Commentators have recognized this purpose of section 2033, and that the purpose of the FLARPL declaration is to provide the nonencumbering party with sufficient information to determine whether the FLARPL attaches to more than the encumbering party's interest, and whether enforcing the lien might impair the overall equal division of community assets and debts. (Hogoboom & King, Cal. Prac. Guide: Fam. Law, supra, ¶ 1:293, p. 1-99.) Thus, "perfection and enforceability of the lien are subject to several 'carefully-drafted' limitations." (Id. at ¶ 1:291, p. 1-99.) "The notice must be accompanied by a declaration under penalty of perjury setting forth . . . [t]he encumbering party's 'belief' as to the property's fair market value, along with supporting 'documentation.'" (Ibid.; see Cal. Fam. Law Rep. - Cal. Fam. Law Prac., § A.VIII [notice of a FLARPL "must include [¶] (2) [t]he party's opinion of the property's fair market value and documentation that supports that opinion"].)

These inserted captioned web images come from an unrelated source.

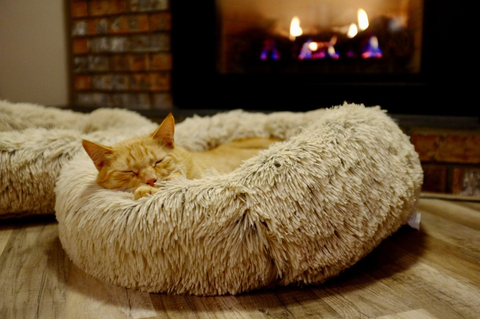 Como-Escolher-a-Cama-Certa-para-Melhorar-o-Sono-do-Seu-Pet Camas.Pet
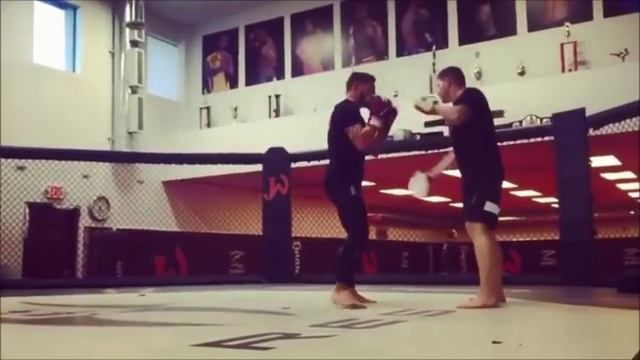 Cub Swanson training for Doo Ho Choi 'Korean Superboy' fight at UFC 206 смотреть онлайн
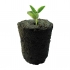 Germinador Root Rio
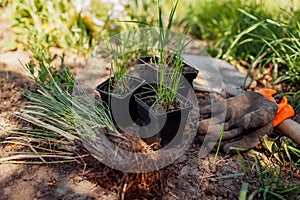 Planting bare rooted, potted ornamental grasses in garden. Deschampsia ceptitosa, molinia, sporobolus airoides into soil photo
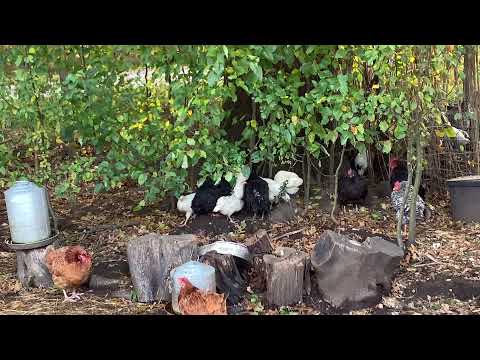 Chicken Update - So many moving parts!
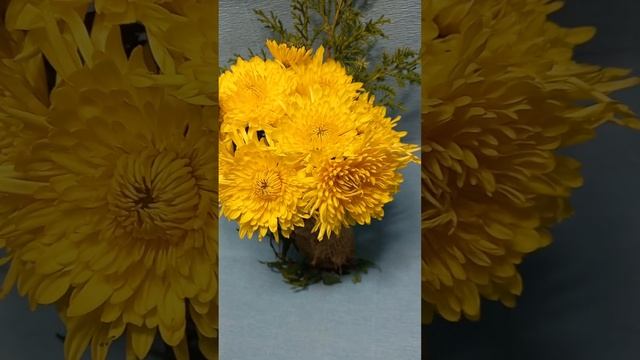 Корейская хризантема Сонечко смотреть онлайн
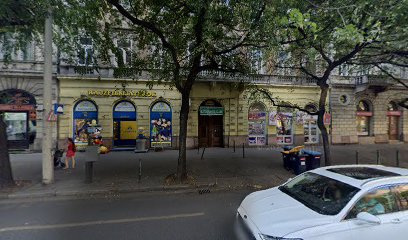 Budapest IX. KER. EJTŐERNYŐS KLUB SPORTEGYESÜLET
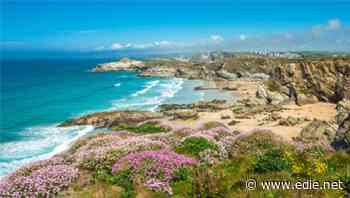 Natural Capital Committee: Environment Bill updates must stop businesses destroying nature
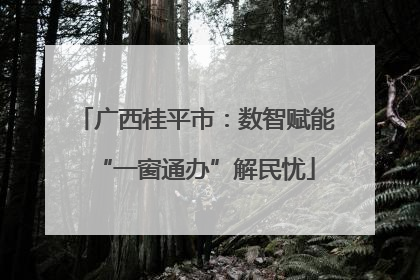 广西桂平市：数智赋能“一窗通办”解民忧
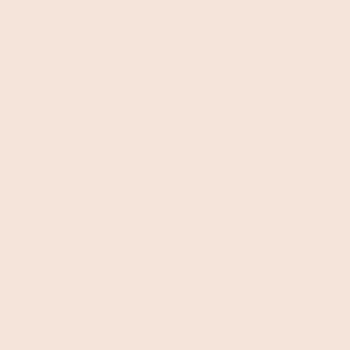 Lacquer RAL 010 90 10 light apricot
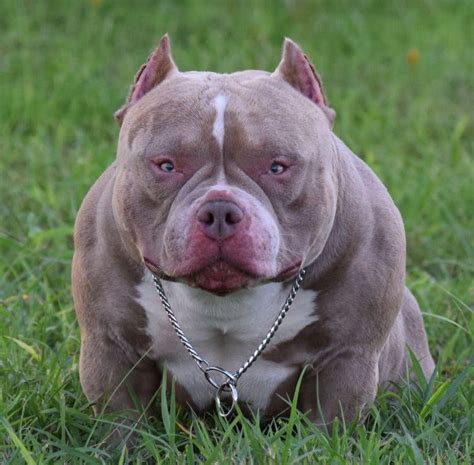 BEST CHAMPAGNE, LILAC & BLUE TRI COLORED AMERICAN BULLY PUPPIES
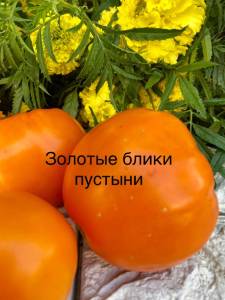 IMG_0923.jpeg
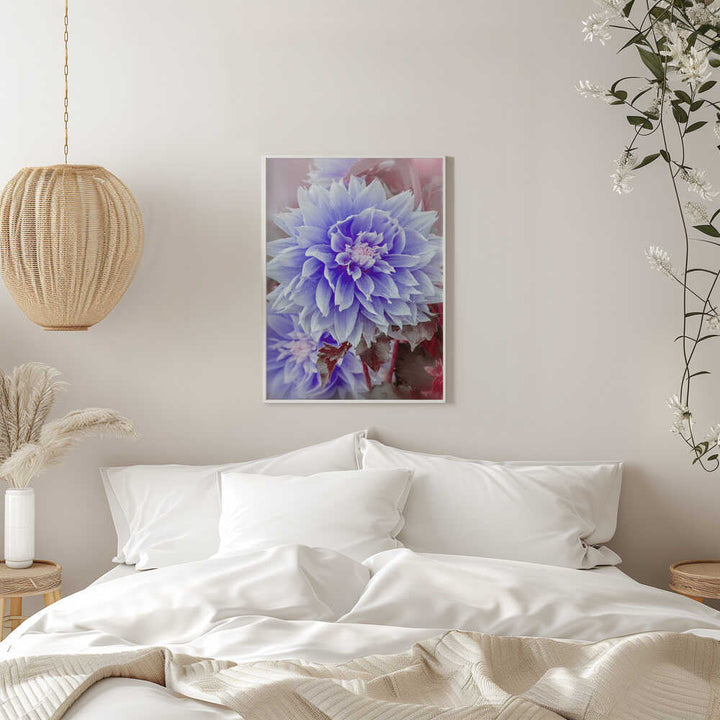 Dreamy Lilac Dahlia - Floral Photographic Stretched Canvas Poster or Fine Art Print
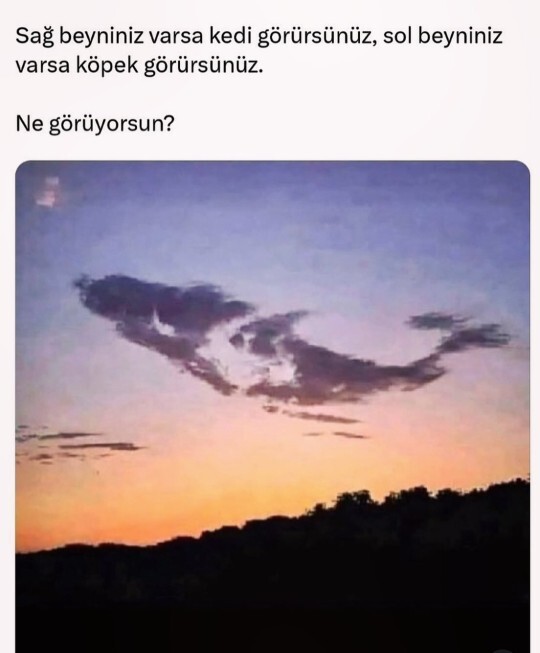 Fotoda ne görüyorsunuz?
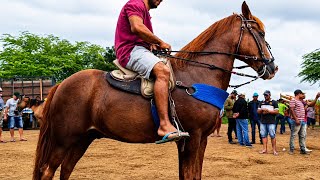 Os Melhores cavalos de Altinho no TV TOp vaquejada, #cavalo 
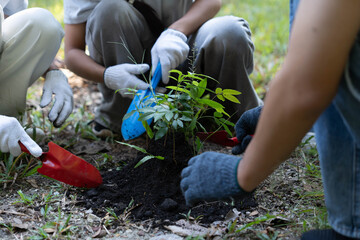 Fototapeta premium Group of Asian people planting seedling in forest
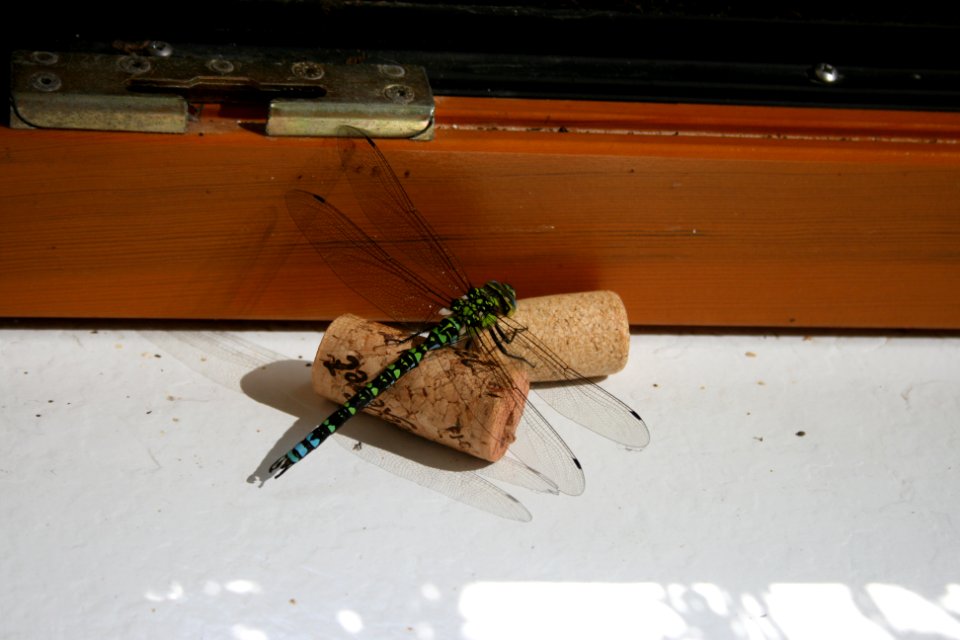 Libelle auf Korken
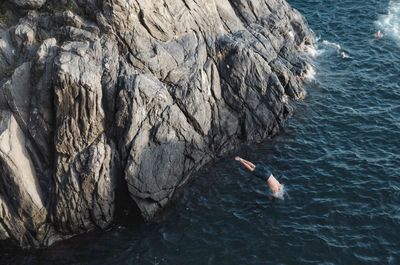 High angle view of bird swimming in sea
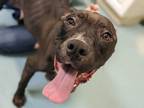 Adopt Missy Elliott a American Pit Bull Terrier / Mixed dog in Portsmouth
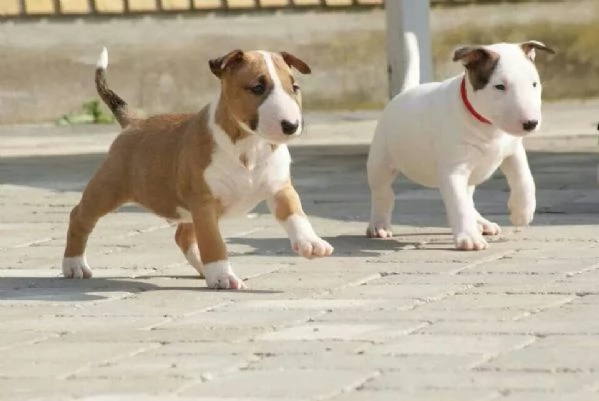 Cuccioli di Bull Terrier +34~633~502~370 | Foto 0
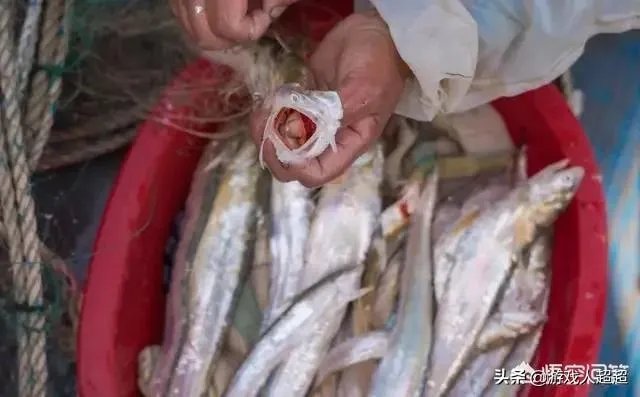 长江刀鱼养殖已经成功几年了,为什么有人说在市场上没有见到?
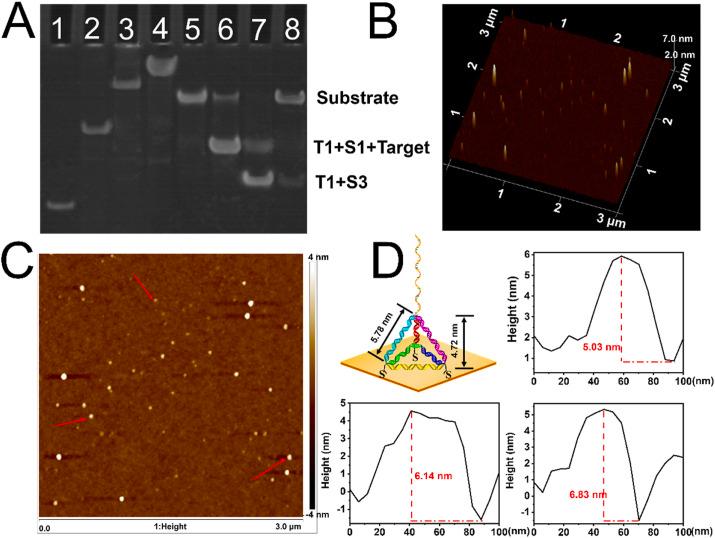 https://cdn.ncbi.nlm.nih.gov/pmc/blobs/9c50/7817442/0187abfdb82e/gr1_lrg.jpg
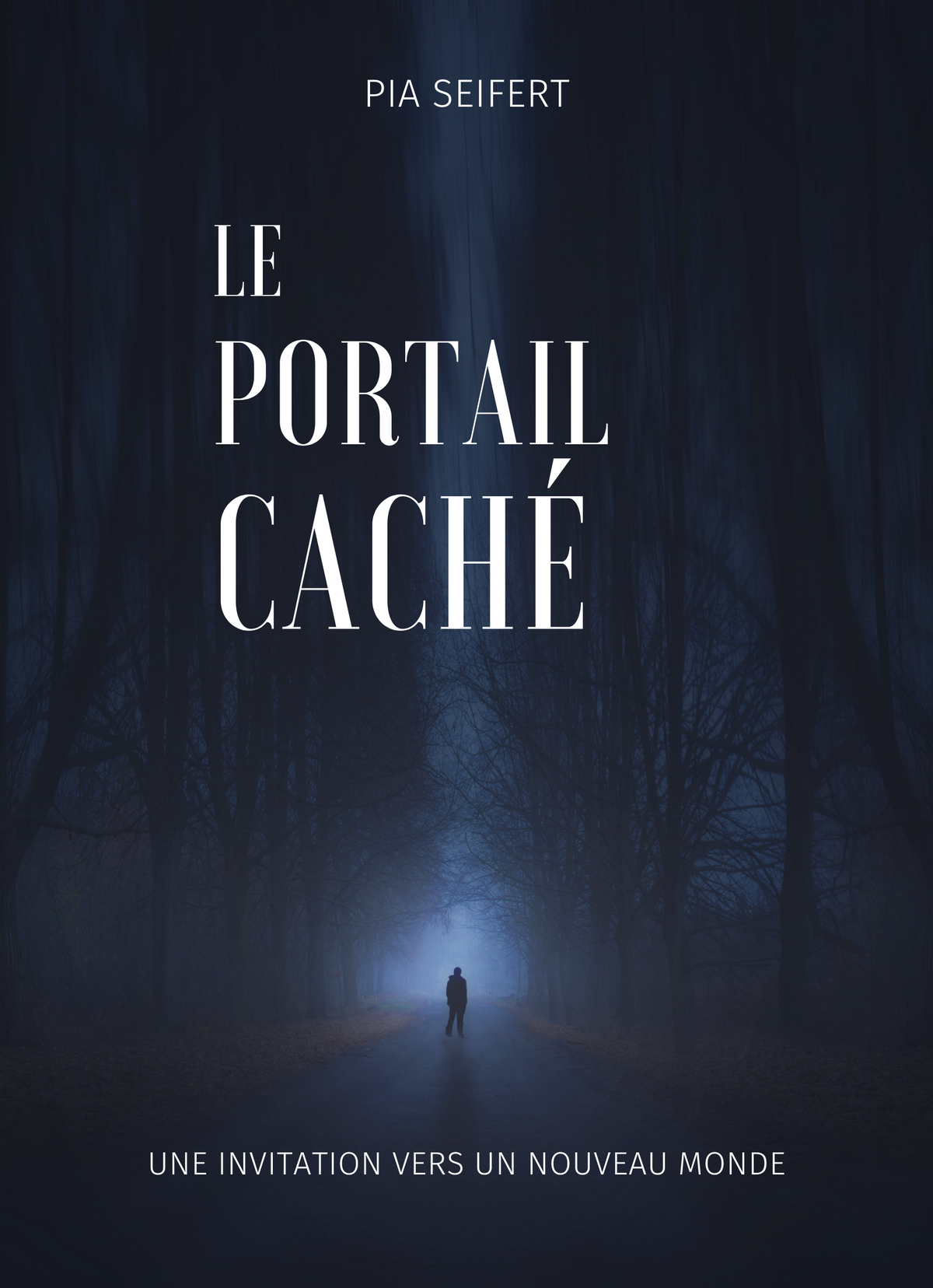 Le Portail Caché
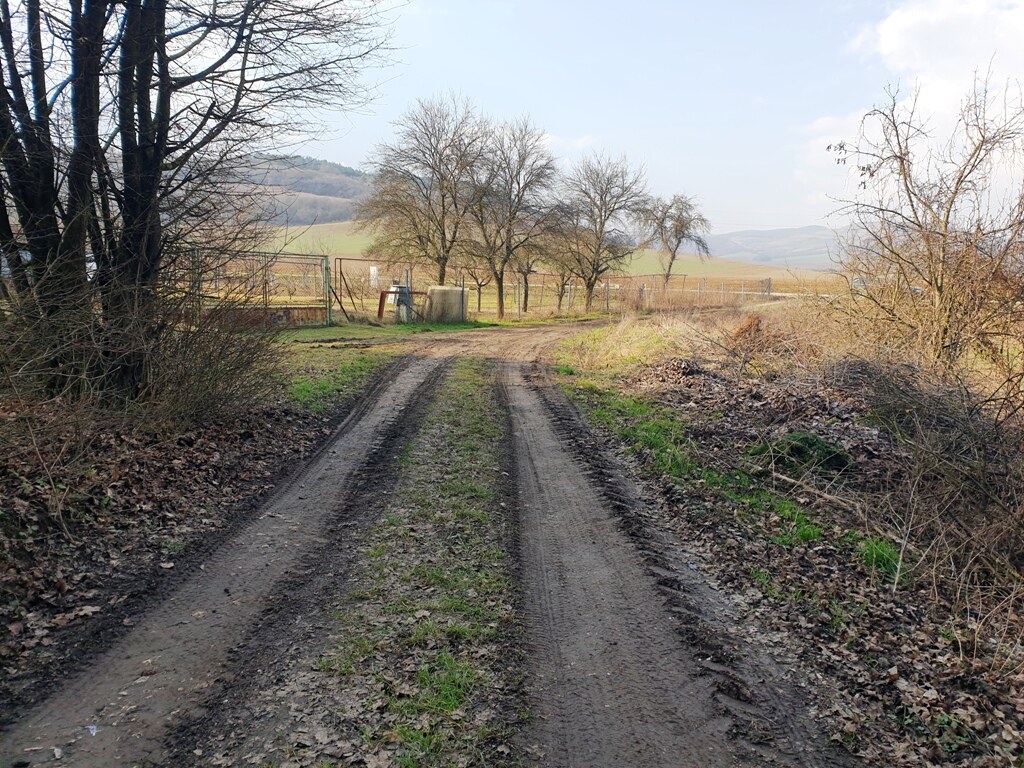 Rekreačný pozemok pri lese 1139 m2 - Trenčianske Bohuslavice — foto 10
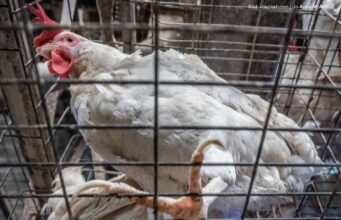 Von Gütesiegeln und belogenen Konsumenten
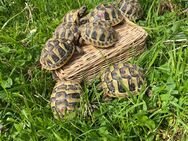 Griechische Landschildkröten, 1jährig, sehr zahm, lebhaft und gesund,mitCites - Inning (Ammersee)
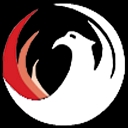 Dig-IT Solutions logo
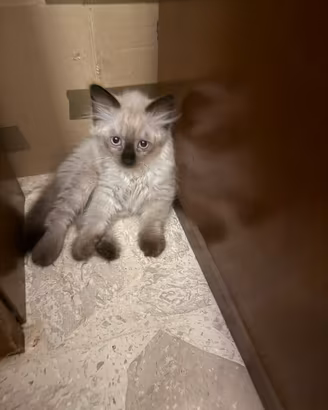 Gatti siamesi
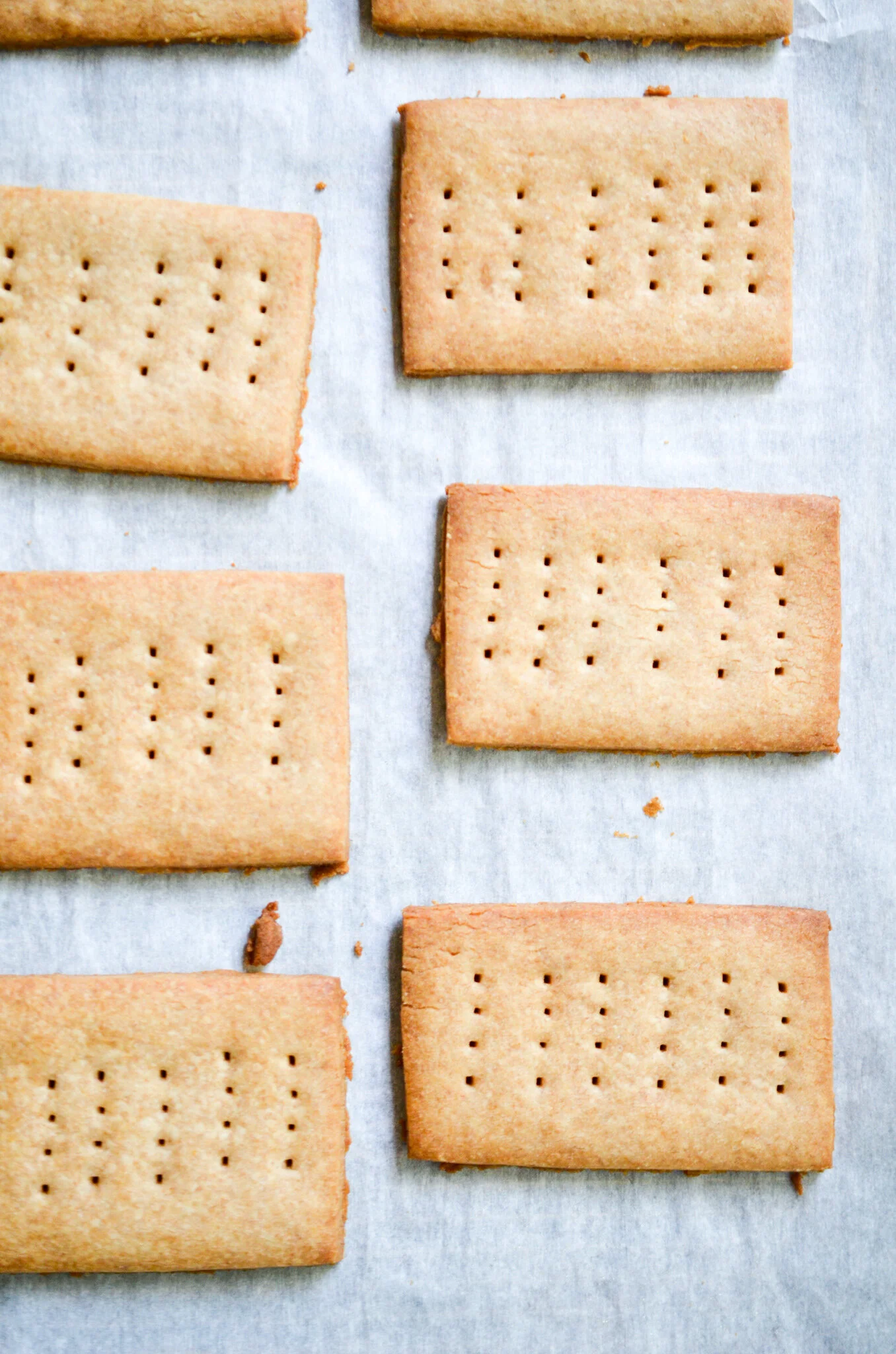 Homemade Graham Crackers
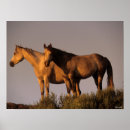 Recherche de cheval arabe posters Arabes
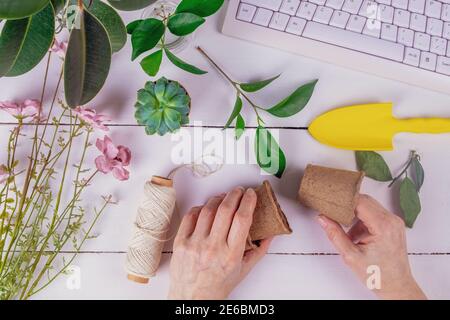Le mani femminili tengono le pentole di torba per piantare i talee del ficus. Giardinaggio, giardinaggio domestico, coltivazione di piante, hobby, concetto di primavera. Messa a fuoco selettiva. Foto Stock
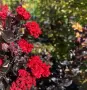 Lagerstroemia Best red(Лагерстремия Най-добро червено), снимка 1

Brauer argues that the requirement in section 2033, subdivision (b)(2), that the encumbering party's declaration include documentation supporting that party's belief as to the fair market value of the property, is inconsistent with the requirement in section 2033, subdivision (c)(2), that the objecting, nonencumbering party does not need to include documentation in support or his or her belief. As Brauer correctly notes, section 2033, subdivision (c)(2), requires that the nonencumbering party state only his or her "belief as to the appropriate items or value and any documentation supporting that belief." (Italics added.) From this difference in statutory language, Brauer argues "what's good for the goose, is good for the gander." The Legislature, however, knows the difference between geese and ganders. The language of the two subdivisions of section 2033 are indeed different, but that only shows the contrary of what Brauer argues: the Legislature differentiated between when documentation is mandatory and when it is optional, and it is mandatory in subdivision (b)(2) and optional in subdivision (c)(2). (See Kleffman v. Vonage Holdings Corp. (2010) 49 Cal.4th 334, 343 ["'when different words are used in contemporaneously enacted, adjoining subdivisions of a statute, the inference is compelling that a difference in meaning was intended'"]; Regents of University of California v. Superior Court (2013) 220 Cal.App.4th 549, 565 ["'"[w]hen the Legislature uses different words as part of the same statutory scheme, those words are presumed to have different meanings"'"].) And the two subdivisions are different for a good reason. The encumbering party has the statutory obligation to give detailed information to the nonencumbering party to allow him or her to decide whether to object. Once the nonencumbering party objects and the dispute proceeds to a court hearing, both sides may introduce evidence of the fair market value of the property.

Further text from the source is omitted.